Хотя в отличие от Мандельштама тексты Лосева нарочито сюжетны. Несмотря на то, что смятые простыни его стихов осквернены пересказом, оставляют они после себя обманчиво ясное впечатление. Приправы самого верхнего (поверхностного) слоя, которые и класть-то в суп следует в самую последнюю очередь, обнажение приема, естественно, бросаются в глаза, перебивая собой все остальное. Большинство из печатно рассуждавших о Лосеве сводят свои выкладки к его филологичности, культурности. Так-то оно, конечно, так. Но это же стихи, а не научные изыскания. Следовательно, и задача у них несколько иная, чем одно только «исследование языка». Иначе тогда зачем огород городить?! В статье «Чеховский лиризм у Бродского» и сам Лосев утверждает о приоритете в XX веке экзистенциального над социальным. То есть частного над общим. Лирики над физикой.

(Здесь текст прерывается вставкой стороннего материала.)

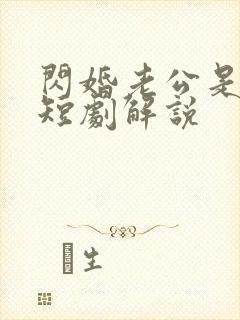 闪婚老公是总裁短剧解说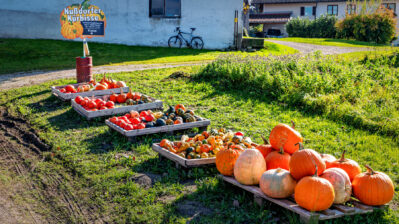 Kuerbiszauber-am-Strassenrand-1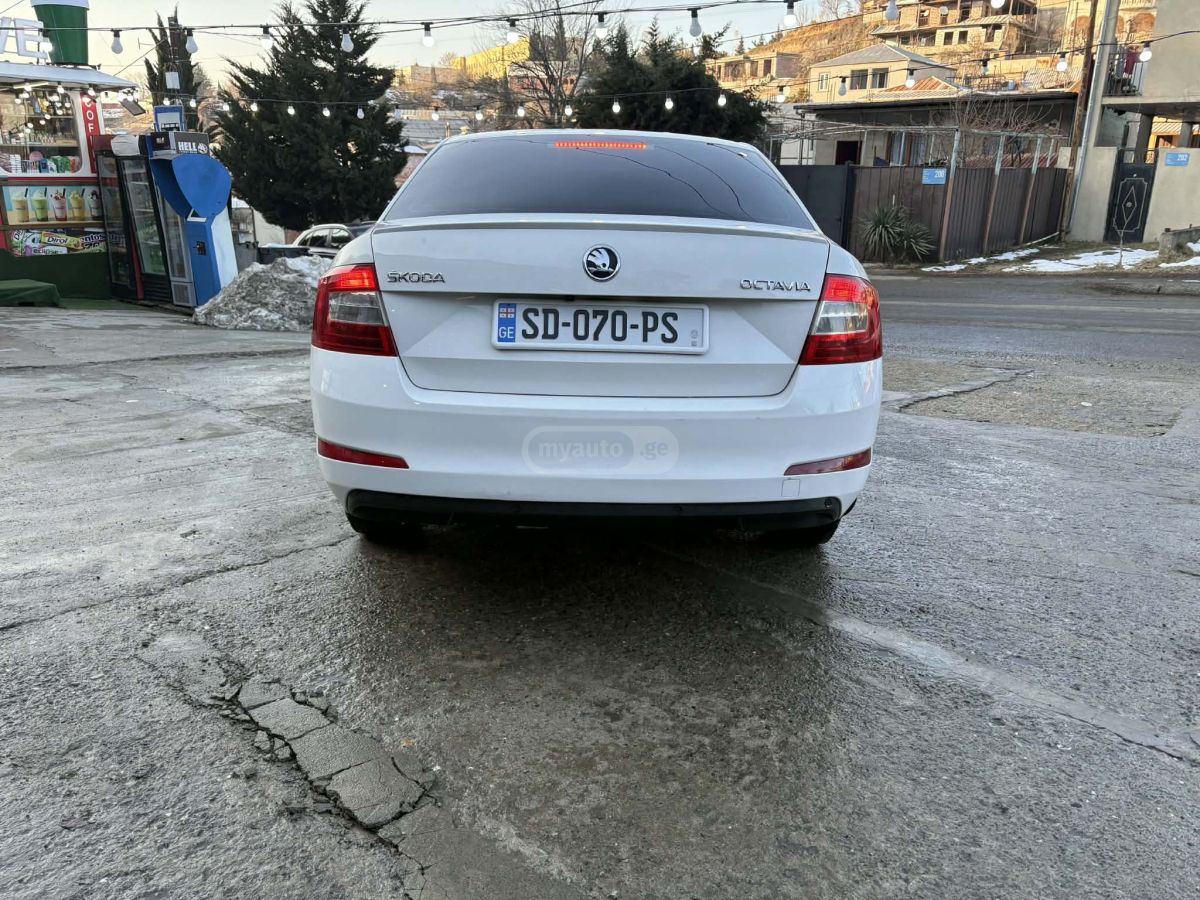 Skoda Octavia 2013 — photo 2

Или (Мандельштам лишь промежуточная станция остановка) дальше, огибая материк «серебряного века» — к системе творческого поведения века «железного», с его дружескими посланиями и необязательными виршами в альбом, со всеми этими перепадами контекстуального ландшафта. Когда сопредельно расположенные тексты оказываются (точно это какое-нибудь излишне подробное, академическое собрание сочинений) совершенно из разных «опер». Ну, и легкость в мыслях необыкновенная; никакого пота, как если — так как на бумагу (или на душу) легло: бытовое, опять же, поведение. «XVIII век — начало XIX века — эпоха, пропитанная молодостью. Ей присуща и молодая непосредственность, и молодая энергия. В подобные эпохи и искусство и жизнь сливаются воедино, не разрушая непосредственности чувств и искренности мысли... Только в зеркалах искусства мы находим подлинное лицо человека той поры...» (Ю. Лотман)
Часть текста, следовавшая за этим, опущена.